We usually set snares on obvious rabbit runs. After a new snow, they usually become readily apparent in 24-48 hours. This is fairly efficient, and it’s often easy to read the sign even in new areas.

I had always been told that setting up a concentrated feed pile, “fencing” it off, and setting snares at entrances was very effective. What I’d also been told is that rabbits primarily eat willow (which is not in dispute). Recently, through observation, I began to notice a lot of dense rabbit (snowshoe hare, technically) sign (pellets and tracks) around freshly fallen spruce limbs with green needles. It was clear that they were eating the needles fairly intensely.

So, I took the advice about fencing off a feed pile substituting the same fallen limbs they had been attracted to in place of willow (which is abundant within a mile radius, but not in this immediate area).
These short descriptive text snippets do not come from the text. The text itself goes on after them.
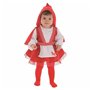 Déguisement pour Bébés 12 Mois Chaperon Rouge (3 Pièces)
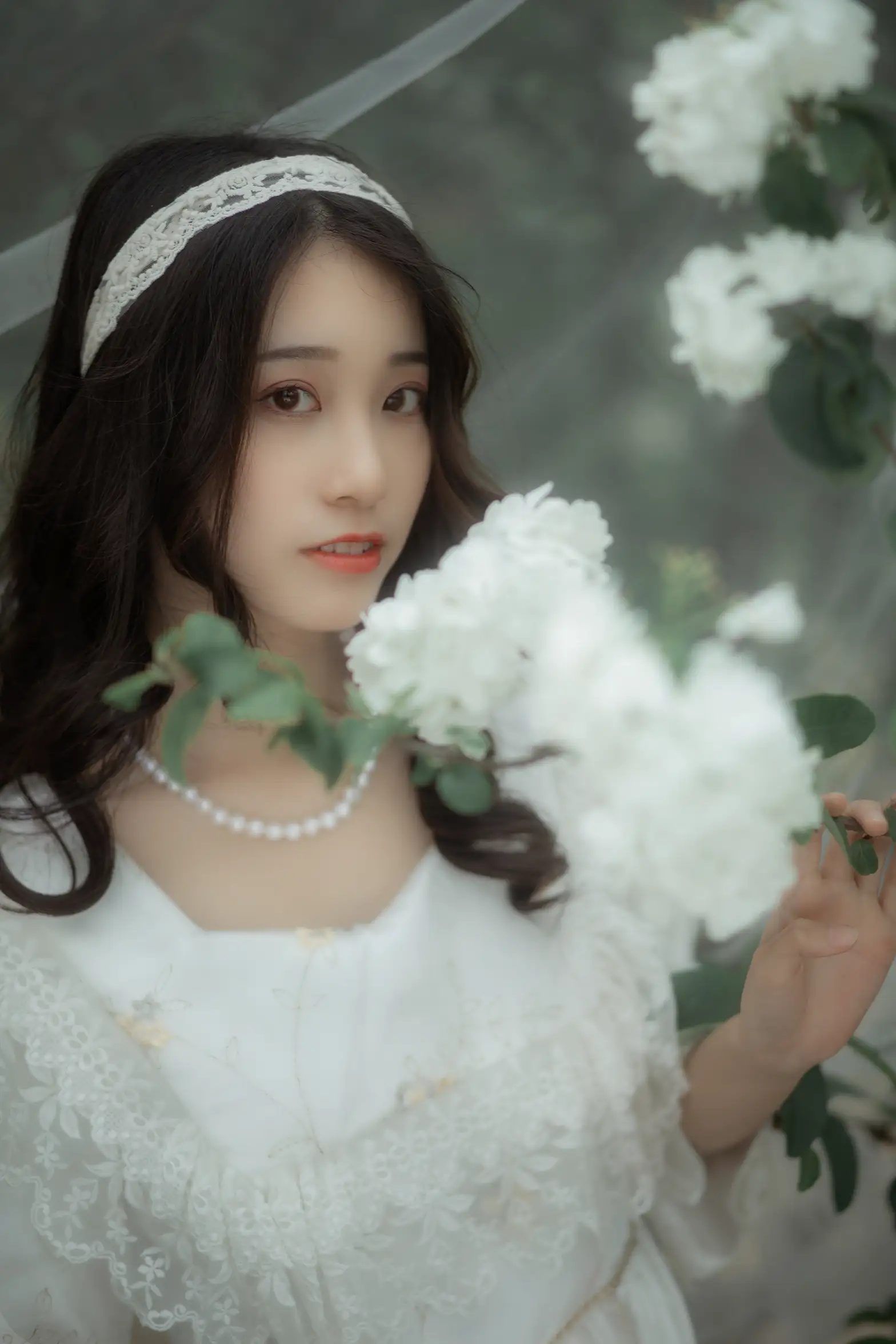 [艺图语] 2021.12.22 Vol.512 – 春 小清菡#[21P]-8
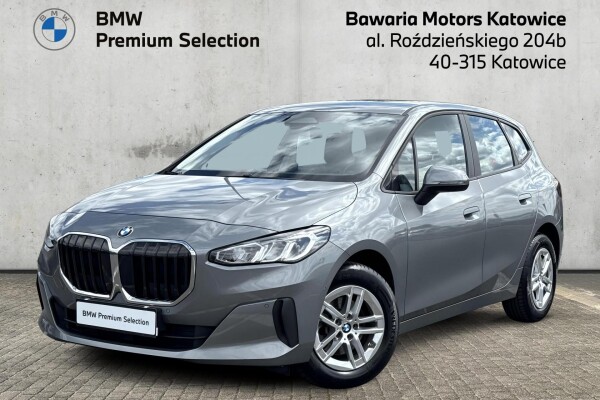 Samochód używany BMW Seria 2 2023  Szary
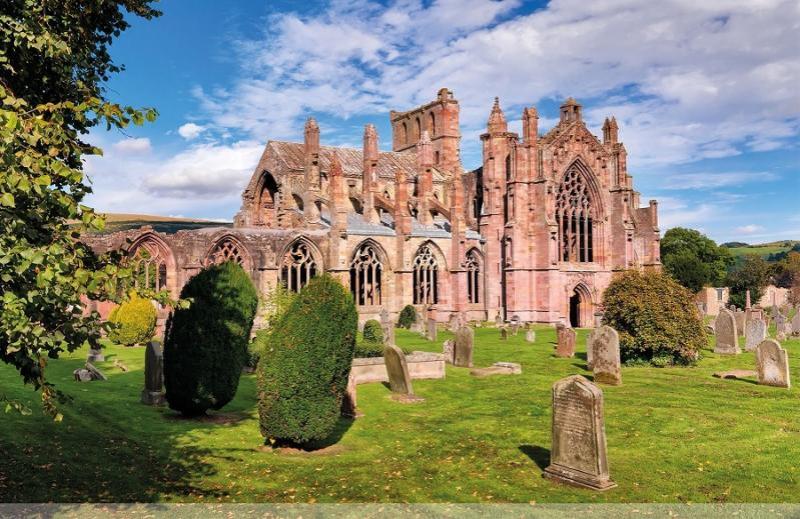 A festői Skócia - csoportos körutazás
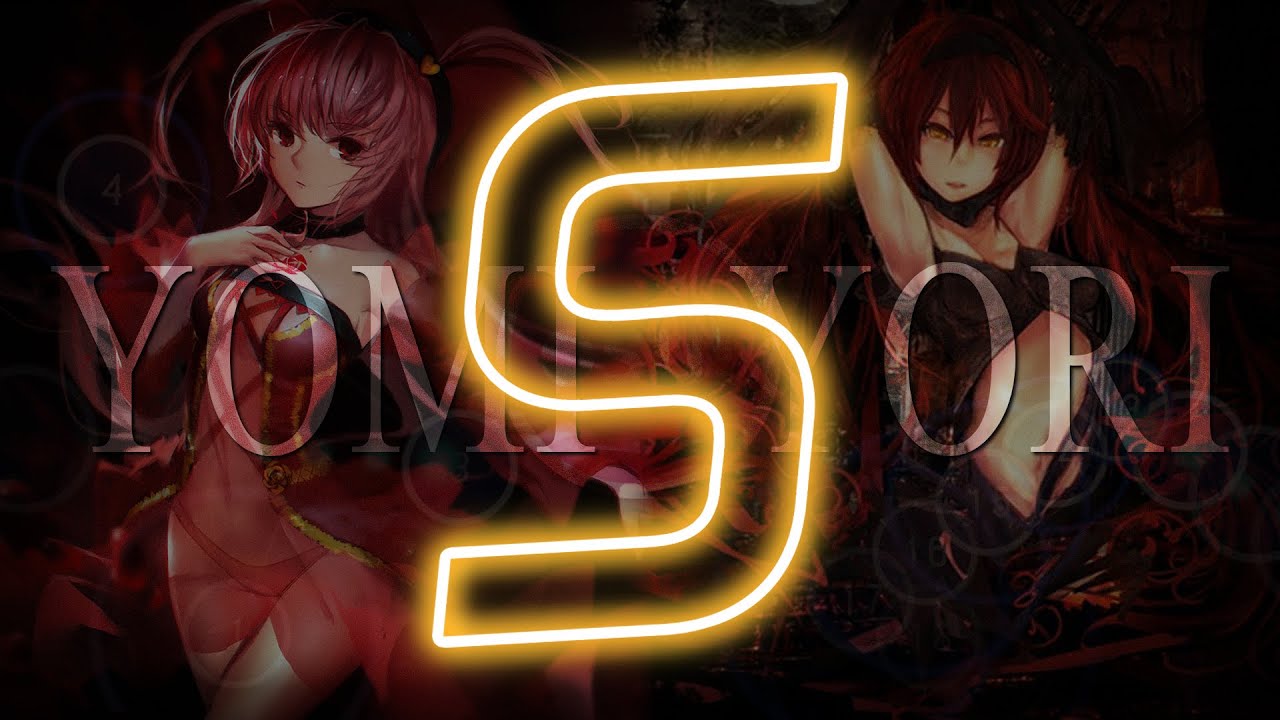 S RANKING TWO YOMI YORI MAPSETS | 809PP & 811PP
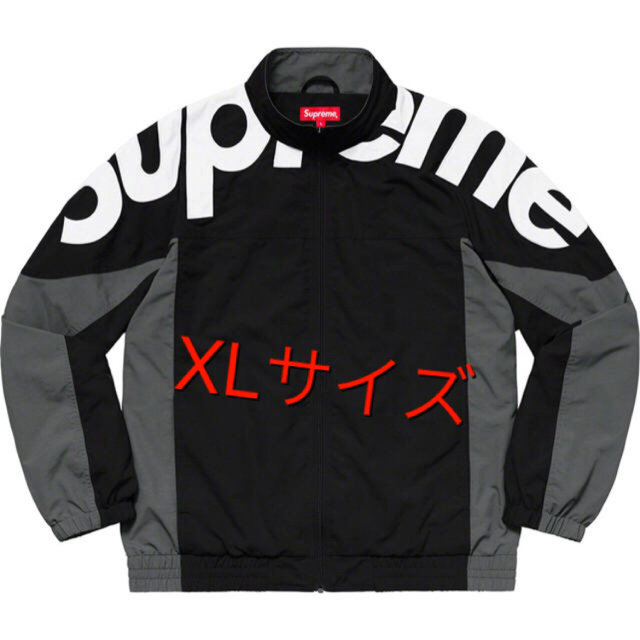 現金特価】 シュプリーム ナイロンジャケット XL 黒 - ナイロンジャケット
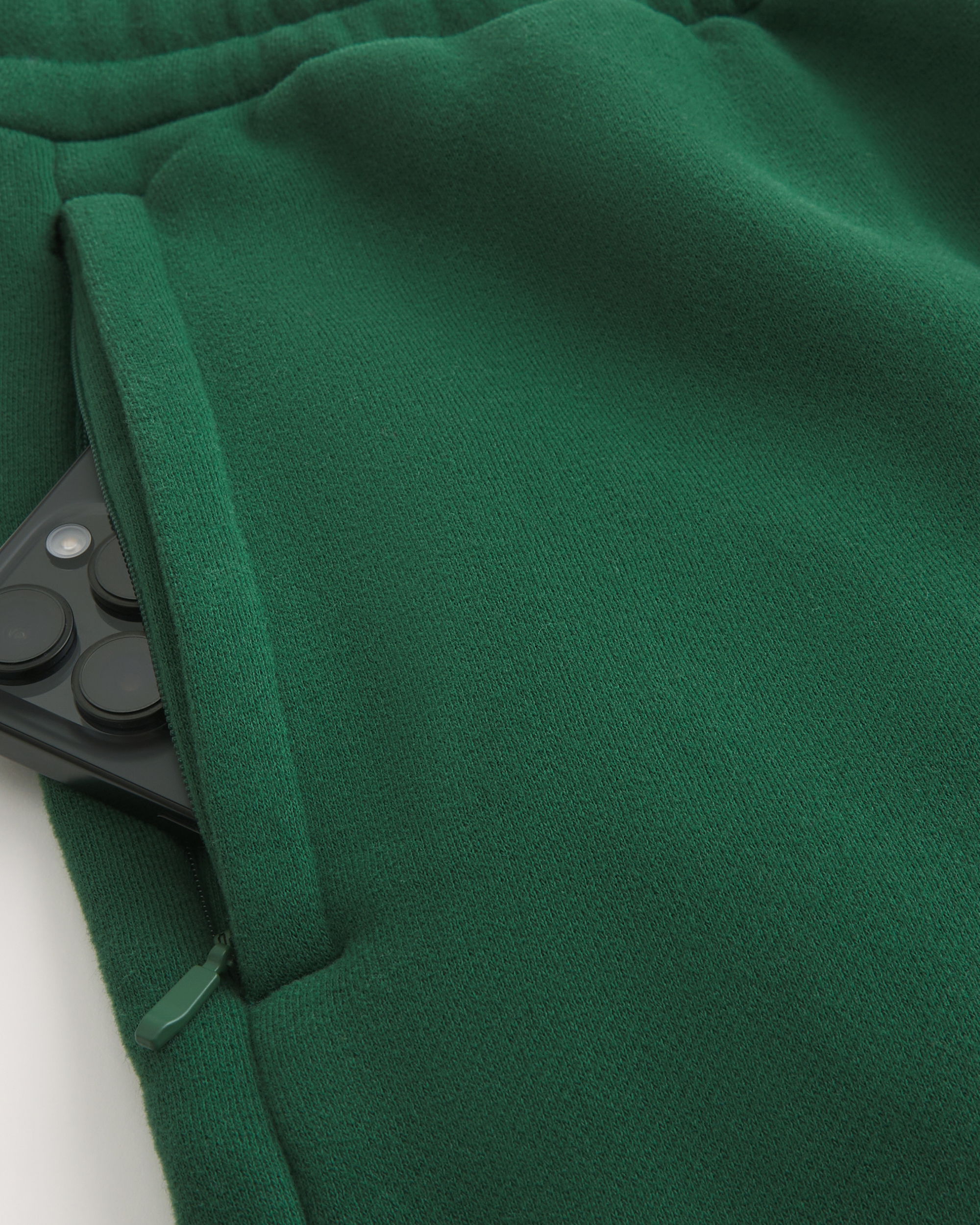 University of Miami Hurricanes Graphic Fleece Shorts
All I did was take the limb debris from a standing dead spruce (thatI’d felled and bucked for firewood) and stick individual limbs (some whole, some broken by hand down to about 12" lengths) into the snow in a circle around the small pile of green limbs. I took one sprig of green needles and crushed it with my hands with the idea that the scent would travel farther, but I don’t know whether that had any effect (other than making me smell like Christmas).

I then set 2 snares. One was in a natural opening between 2 spruce. The second was next to a single spruce, oppositely framed in with the impromptu stick fence.

The result was catching 2 hares overnight. The total work was about 30 minutes, and the forest provided meat for 2 people for 2 or 3 days.

In the future, I think this could be improved by lifting poles on each set, which I started to do here, but gave up on as my hands started getting cold.

Additional question: could I have caught 3 hates in 3 sets with the same fence? 4 with 4? I’m not sure. I set 2 snares mostly because I saw 2 hares in this area previously, which is a rather arbitrary signal.